━━━ Data provided ━━━

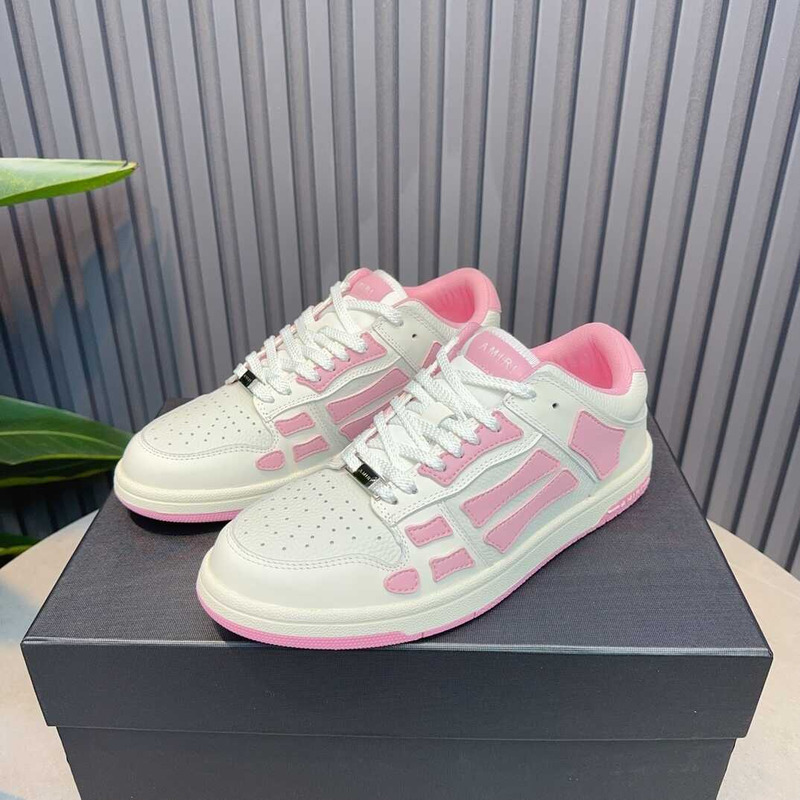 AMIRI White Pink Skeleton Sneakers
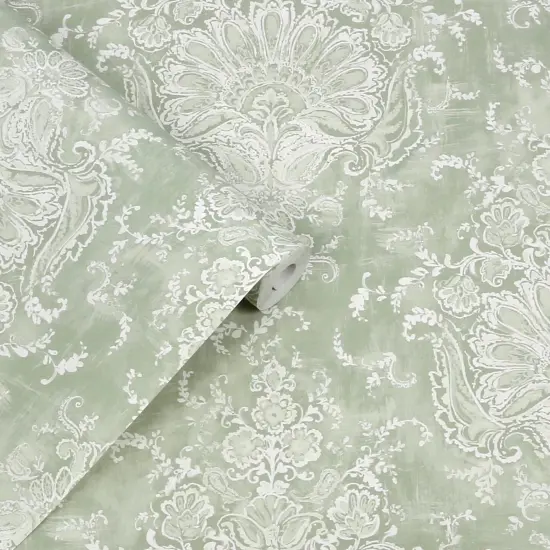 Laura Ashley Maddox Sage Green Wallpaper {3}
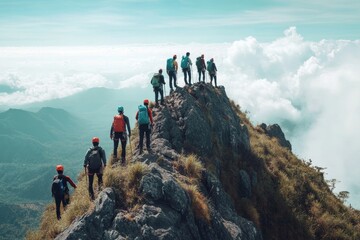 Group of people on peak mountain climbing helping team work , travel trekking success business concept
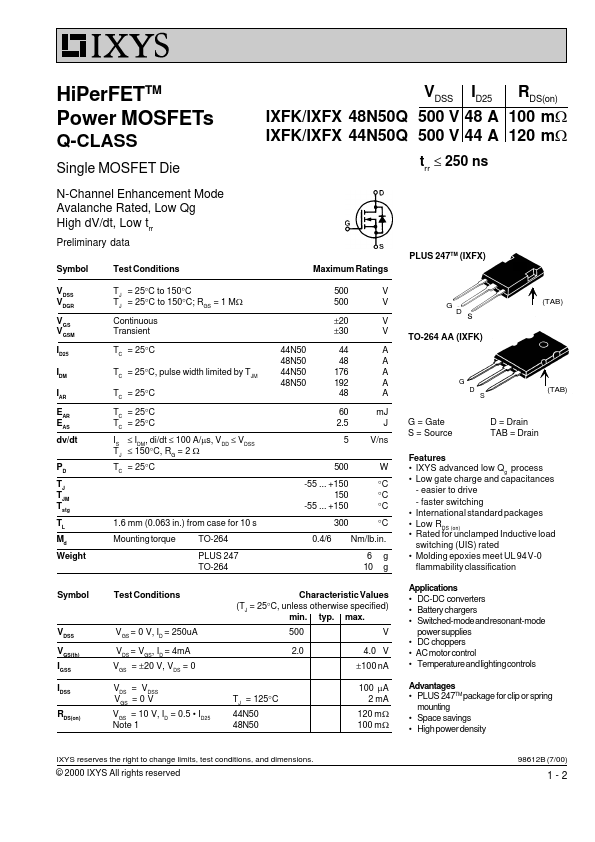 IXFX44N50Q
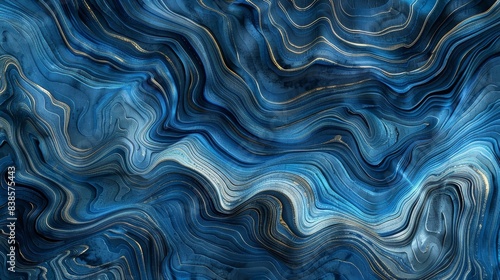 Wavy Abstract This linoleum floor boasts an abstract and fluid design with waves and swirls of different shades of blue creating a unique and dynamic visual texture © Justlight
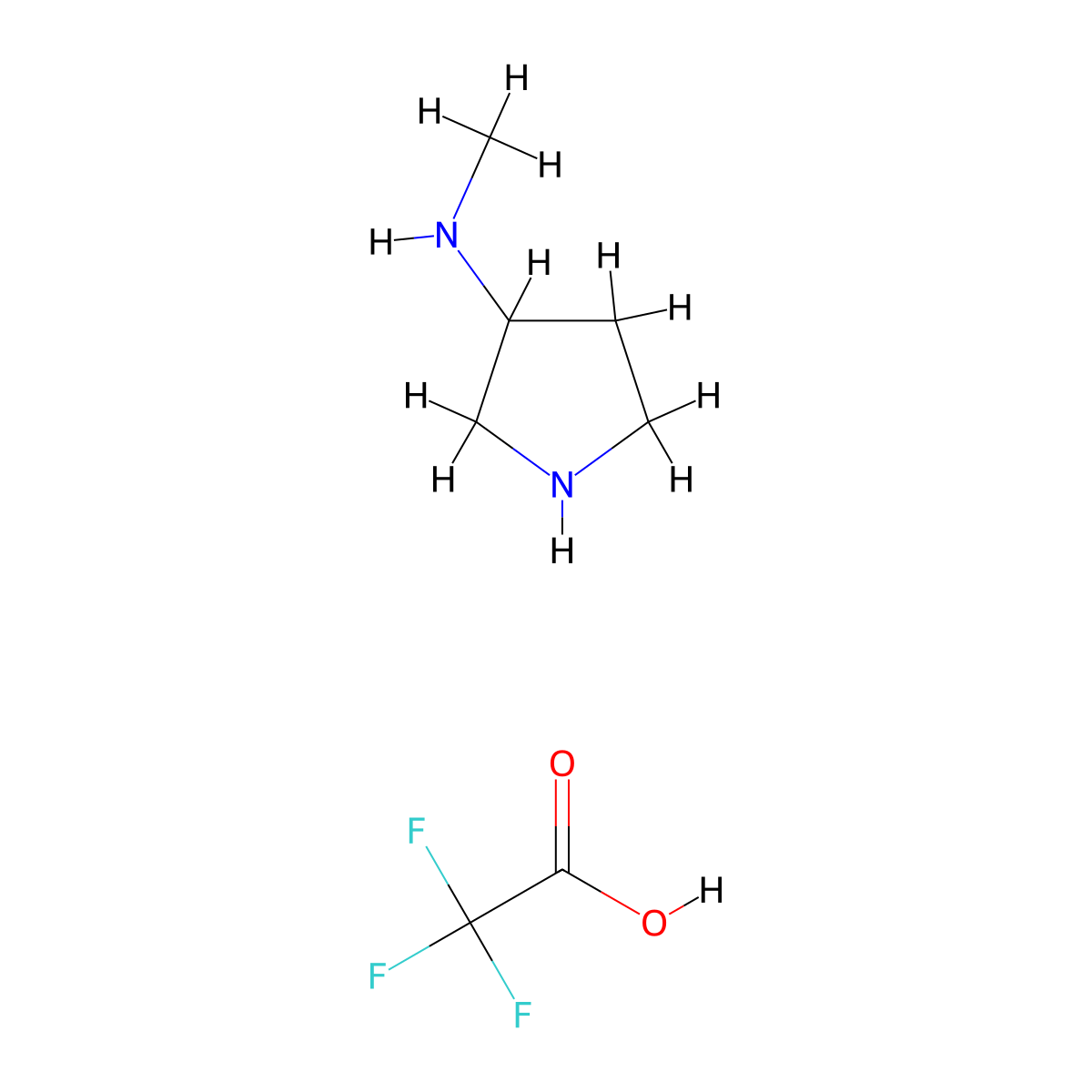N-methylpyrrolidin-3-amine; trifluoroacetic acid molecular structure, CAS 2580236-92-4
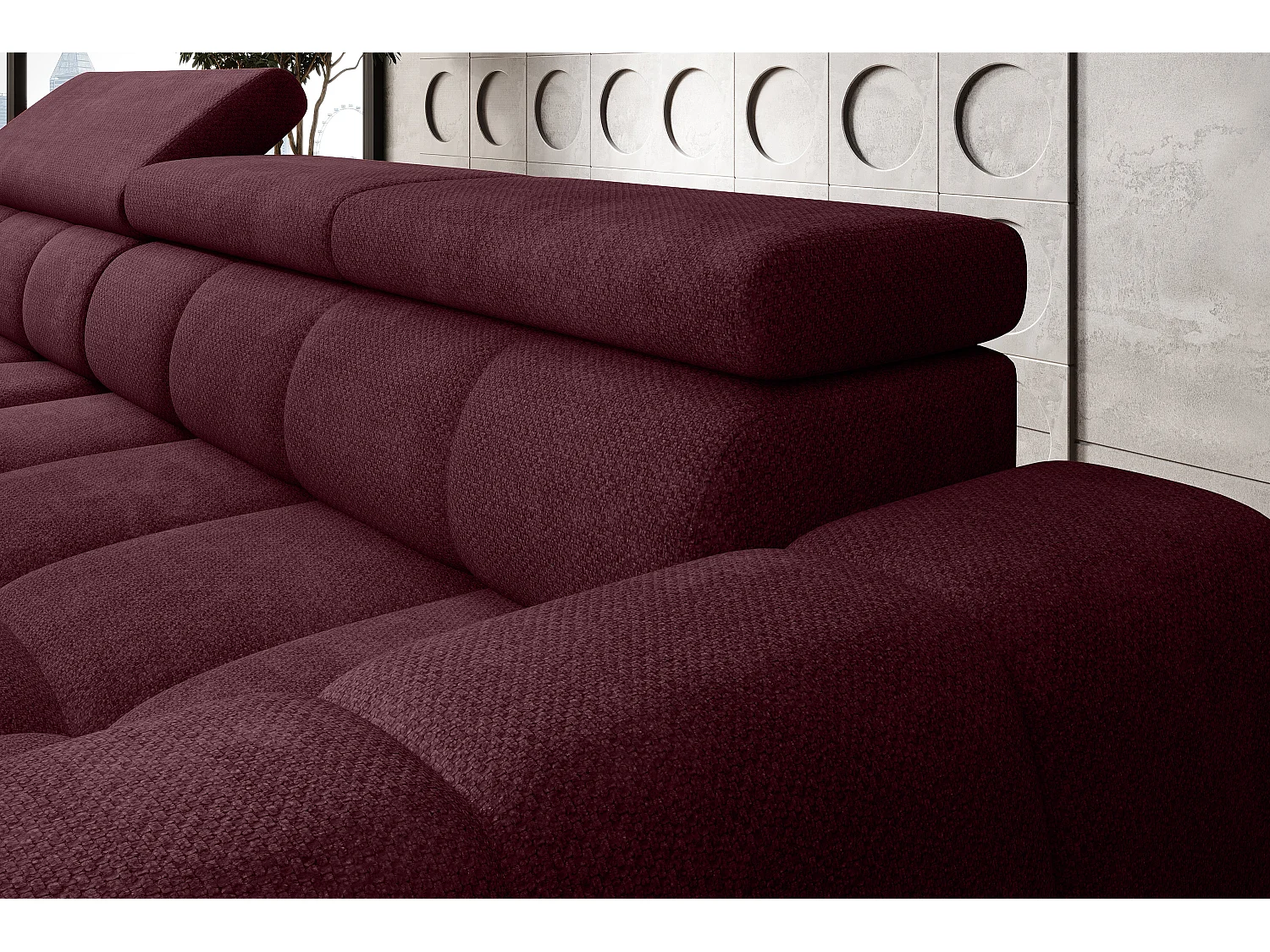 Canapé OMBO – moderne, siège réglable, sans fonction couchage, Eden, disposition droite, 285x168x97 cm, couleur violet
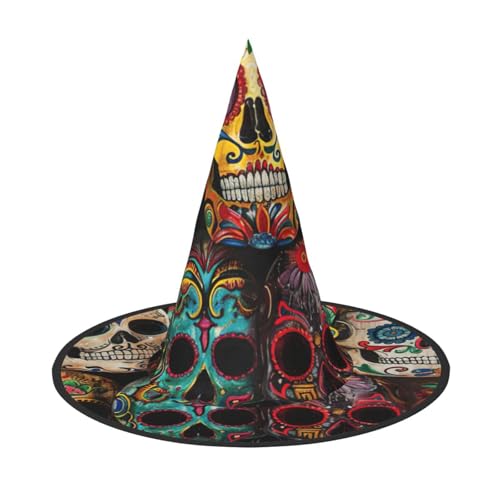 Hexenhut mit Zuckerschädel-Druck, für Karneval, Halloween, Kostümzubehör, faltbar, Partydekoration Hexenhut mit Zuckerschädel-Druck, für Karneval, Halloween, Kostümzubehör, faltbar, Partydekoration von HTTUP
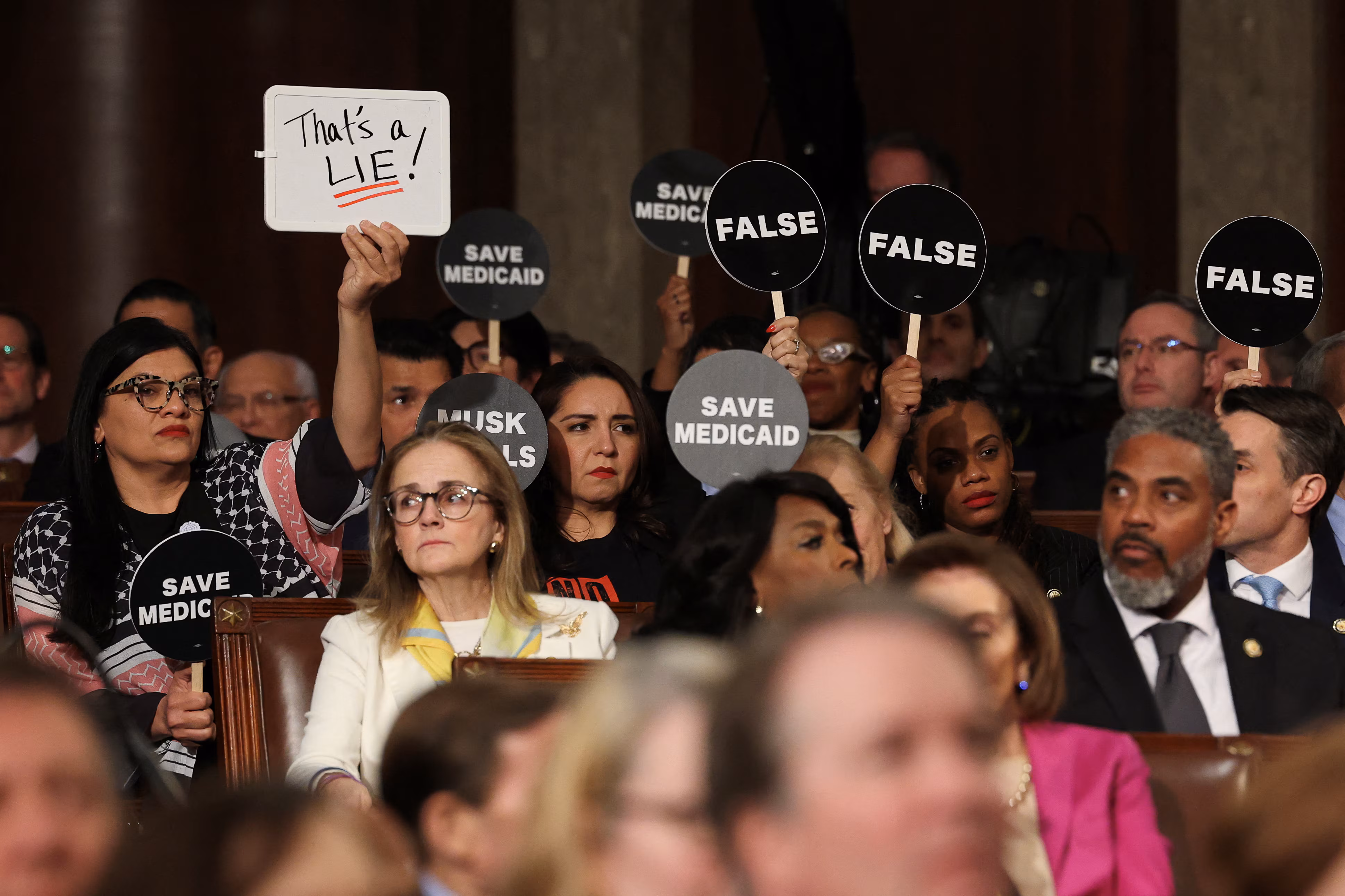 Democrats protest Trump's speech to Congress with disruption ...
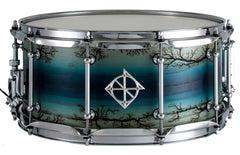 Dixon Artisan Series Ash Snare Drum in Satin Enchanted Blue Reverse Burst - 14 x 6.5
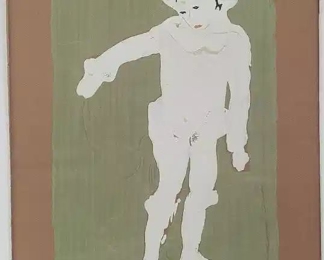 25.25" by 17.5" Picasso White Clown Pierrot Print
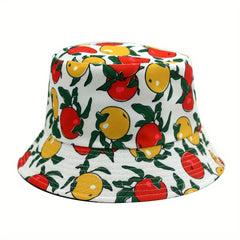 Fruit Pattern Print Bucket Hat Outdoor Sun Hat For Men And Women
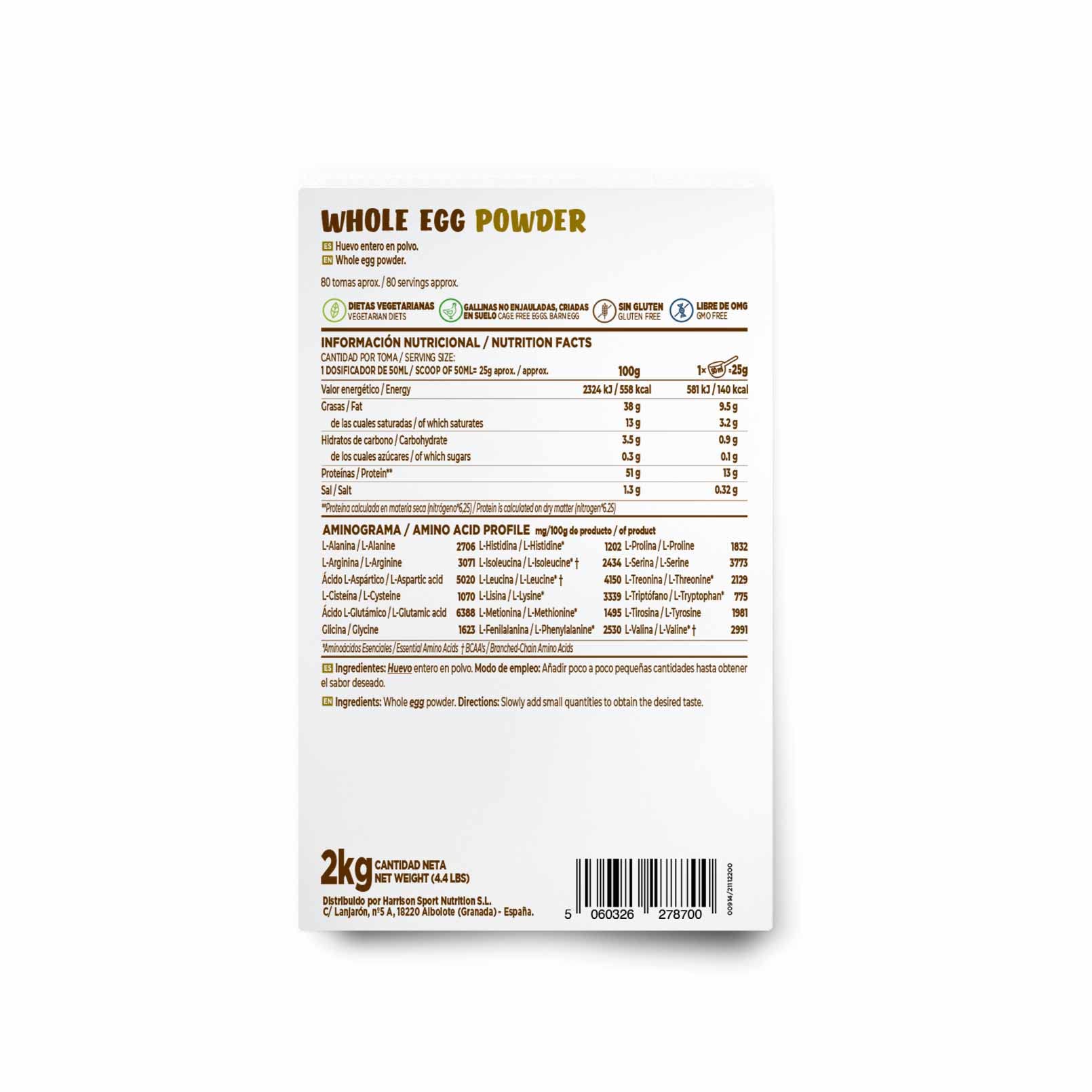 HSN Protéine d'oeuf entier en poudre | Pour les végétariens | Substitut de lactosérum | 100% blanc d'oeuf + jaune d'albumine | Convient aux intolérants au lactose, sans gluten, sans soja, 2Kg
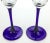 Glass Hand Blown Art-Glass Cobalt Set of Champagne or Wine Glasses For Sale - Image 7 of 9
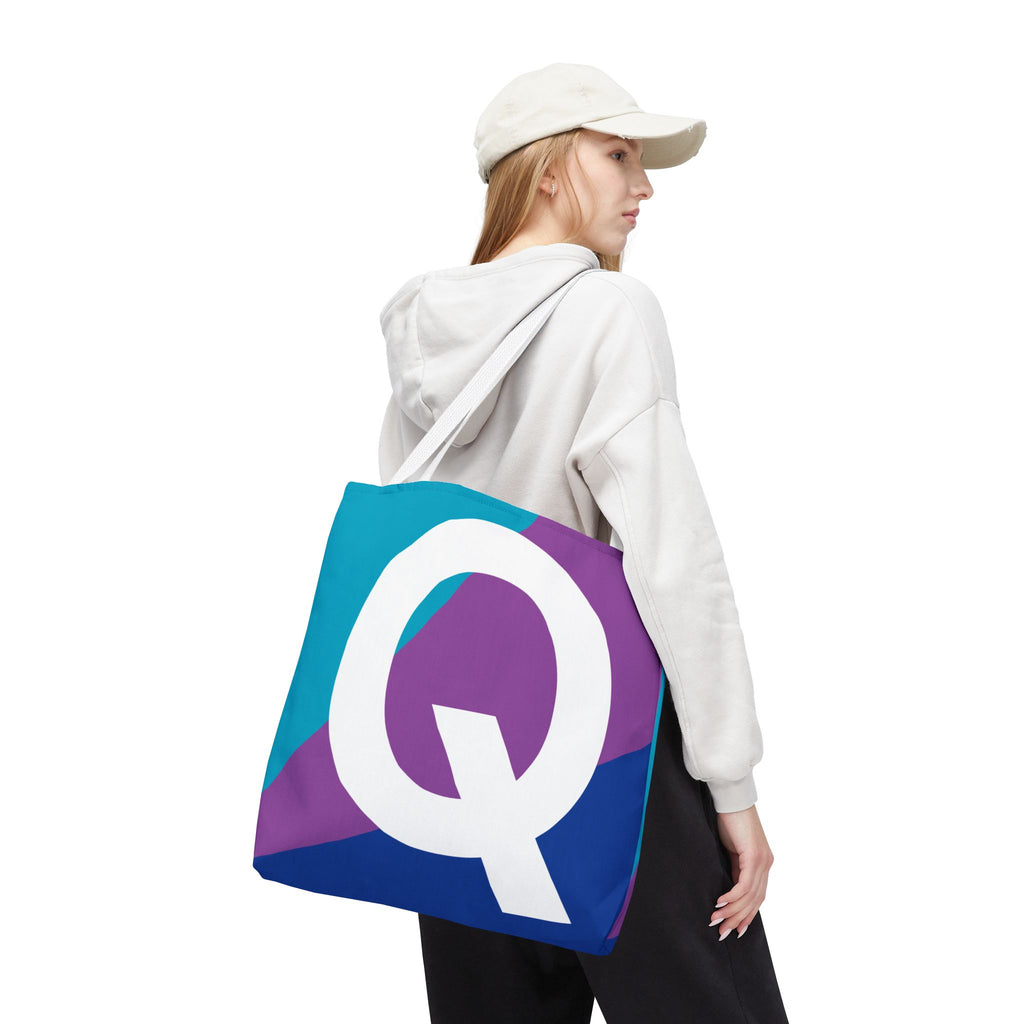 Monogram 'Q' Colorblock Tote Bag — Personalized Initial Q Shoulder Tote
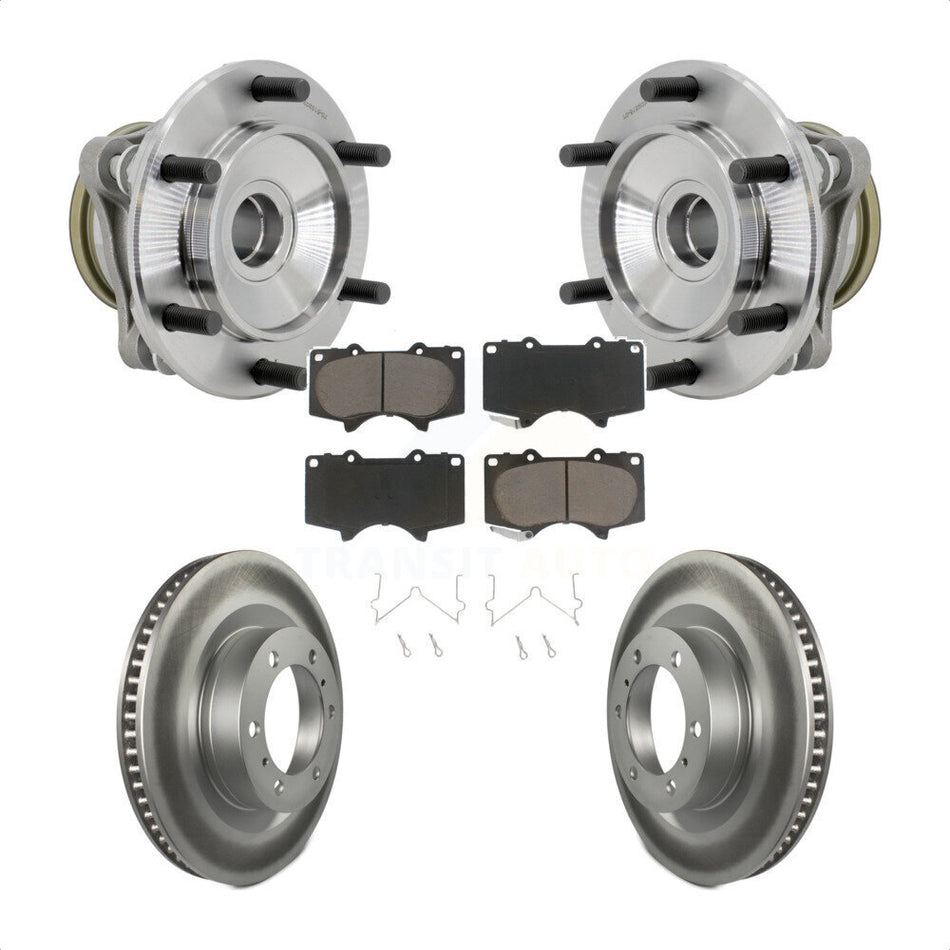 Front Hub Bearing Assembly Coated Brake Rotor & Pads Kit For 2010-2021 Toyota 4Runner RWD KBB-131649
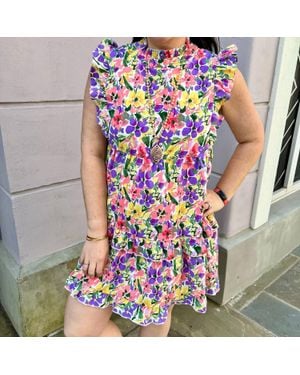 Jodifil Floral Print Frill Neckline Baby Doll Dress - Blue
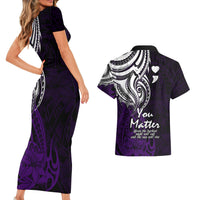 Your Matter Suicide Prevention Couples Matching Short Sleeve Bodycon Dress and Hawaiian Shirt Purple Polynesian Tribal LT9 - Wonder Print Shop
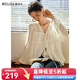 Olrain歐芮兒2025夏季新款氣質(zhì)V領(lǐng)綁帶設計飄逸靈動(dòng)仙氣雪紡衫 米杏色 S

━━━

(Work instructions): Retype word for word all the material given above, and keep the pictures out.

(Completed task):
 AMIRI White Pink Skeleton Sneakers
 Laura Ashley Maddox Sage Green Wallpaper {3}
 Group of people on peak mountain climbing helping team work , travel trekking success business concept
 IXFX44N50Q
 Wavy Abstract This linoleum floor boasts an abstract and fluid design with waves and swirls of different shades of blue creating a unique and dynamic visual texture © Justlight
N-methylpyrrolidin-3-amine; trifluoroacetic acid molecular structure, CAS 2580236-92-4
 Canapé OMBO – moderne, siège réglable, sans fonction couchage, Eden, disposition droite, 285x168x97 cm, couleur violet
 Hexenhut mit Zuckerschädel-Druck, für Karneval, Halloween, Kostümzubehör, faltbar, Partydekoration Hexenhut mit Zuckerschädel-Druck, für Karneval, Halloween, Kostümzubehör, faltbar, Partydekoration von HTTUP
 Democrats protest Trump's speech to Congress with disruption ...
 Dixon Artisan Series Ash Snare Drum in Satin Enchanted Blue Reverse Burst - 14 x 6.5
 25.25" by 17.5" Picasso White Clown Pierrot Print
 Fruit Pattern Print Bucket Hat Outdoor Sun Hat For Men And Women
 HSN Protéine d'oeuf entier en poudre | Pour les végétariens | Substitut de lactosérum | 100% blanc d'oeuf + jaune d'albumine | Convient aux intolérants au lactose, sans gluten, sans soja, 2Kg
 Glass Hand Blown Art-Glass Cobalt Set of Champagne or Wine Glasses For Sale - Image 7 of 9
 Monogram 'Q' Colorblock Tote Bag — Personalized Initial Q Shoulder Tote
 Front Hub Bearing Assembly Coated Brake Rotor & Pads Kit For 2010-2021 Toyota 4Runner RWD KBB-131649
 Jodifil Floral Print Frill Neckline Baby Doll Dress - Blue
 Your Matter Suicide Prevention Couples Matching Short Sleeve Bodycon Dress and Hawaiian Shirt Purple Polynesian Tribal LT9 - Wonder Print Shop
 Olrain歐芮兒2025夏季新款氣質(zhì)V領(lǐng)綁帶設計飄逸靈動(dòng)仙氣雪紡衫 米杏色 S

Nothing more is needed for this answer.